Exercise goal: Using the data below, transcribe exactly everything from the line that contains "Team meeting with" down to the line that contains "Vevino Boule lumineuse, Applique". Include both of those lines and none of the pictures.

Task input:
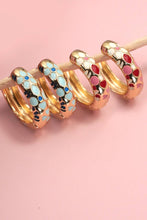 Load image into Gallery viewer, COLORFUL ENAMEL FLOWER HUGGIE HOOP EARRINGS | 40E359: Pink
...
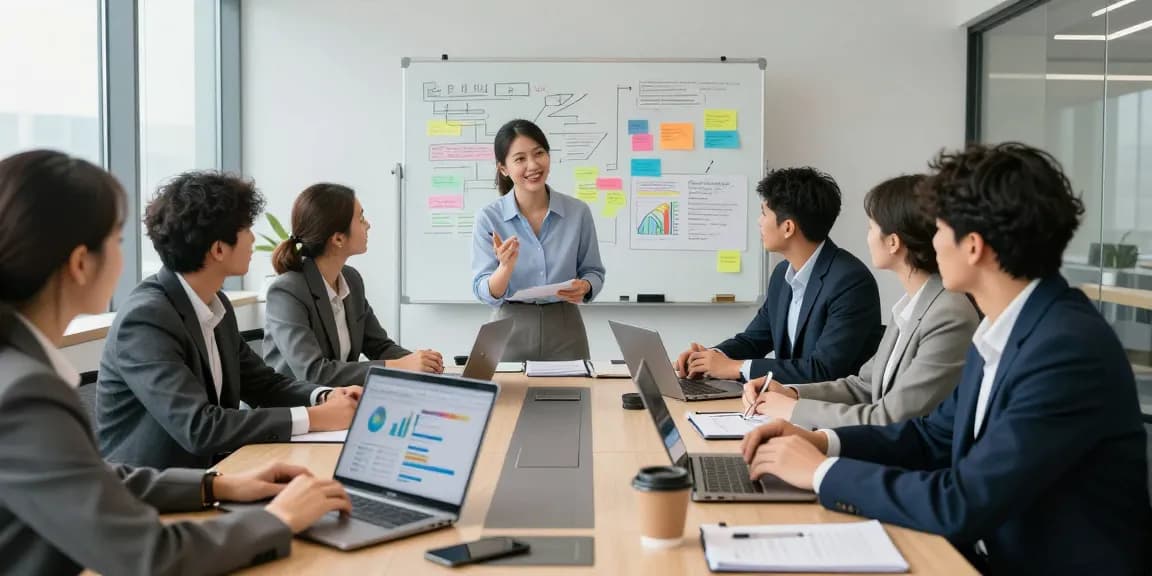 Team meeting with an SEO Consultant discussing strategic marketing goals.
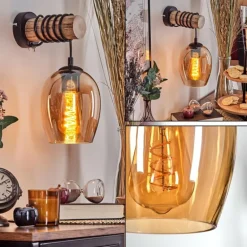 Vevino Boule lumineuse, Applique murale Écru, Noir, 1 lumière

Task answer:
 Team meeting with an SEO Consultant discussing strategic marketing goals.
 Vevino Boule lumineuse, Applique murale Écru, Noir, 1 lumière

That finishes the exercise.